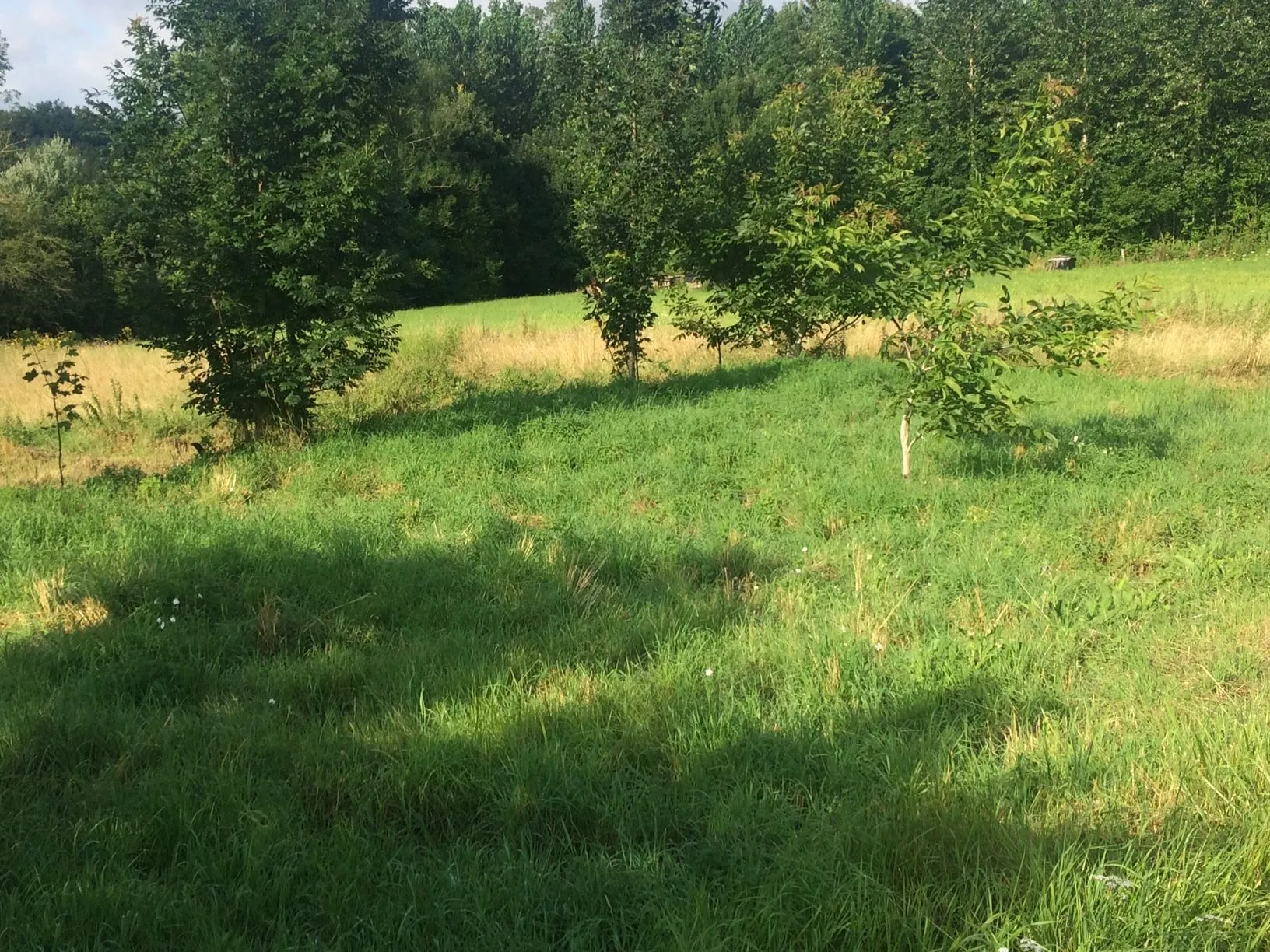 Maison neuve 79 m² à Fontenoy (02290)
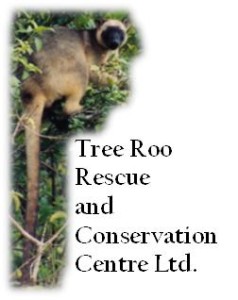 Tree kangaroo awareness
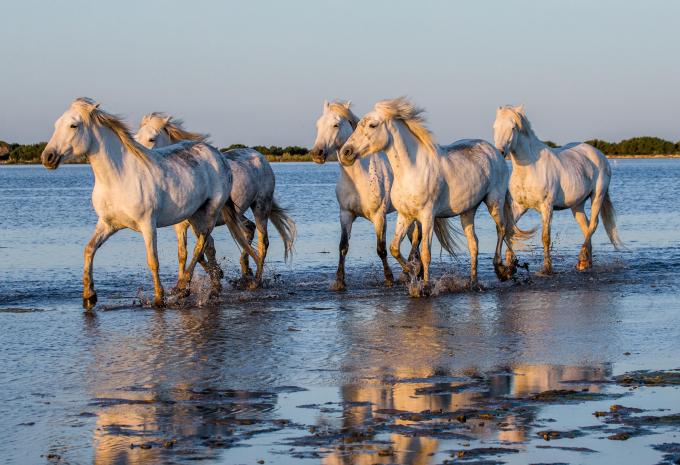 Camargue Region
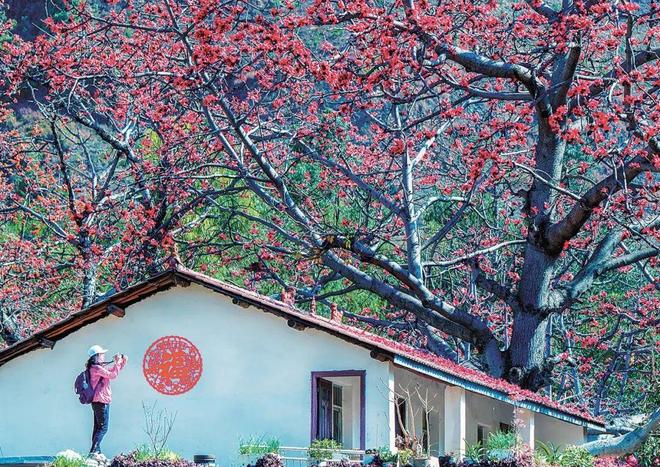 全国唯一一朵花命名一个地级市(图5)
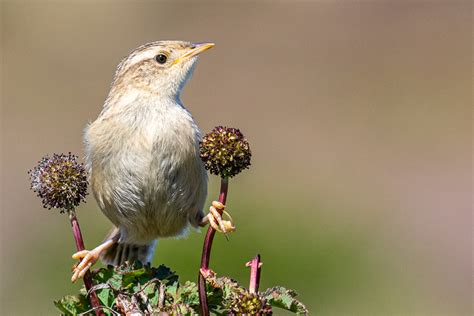 Endemic Birds Falklands Nature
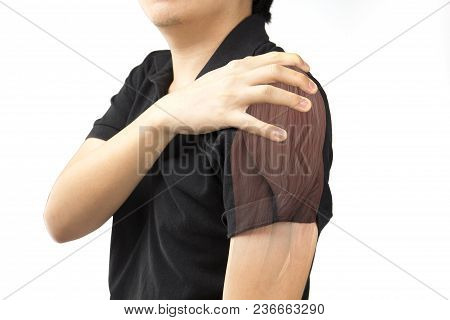 Shoulder Muscle Injury White Background Shoulder Pain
•••••
▶ Task item:
Only the lines from the one with "Camargue Region" through the final line of the entries above are to be repeated, exactly as written and without pictures.

▶ Task output:
 Camargue Region
 全国唯一一朵花命名一个地级市(图5)
 Endemic Birds Falklands Nature
 Shoulder Muscle Injury White Background Shoulder Pain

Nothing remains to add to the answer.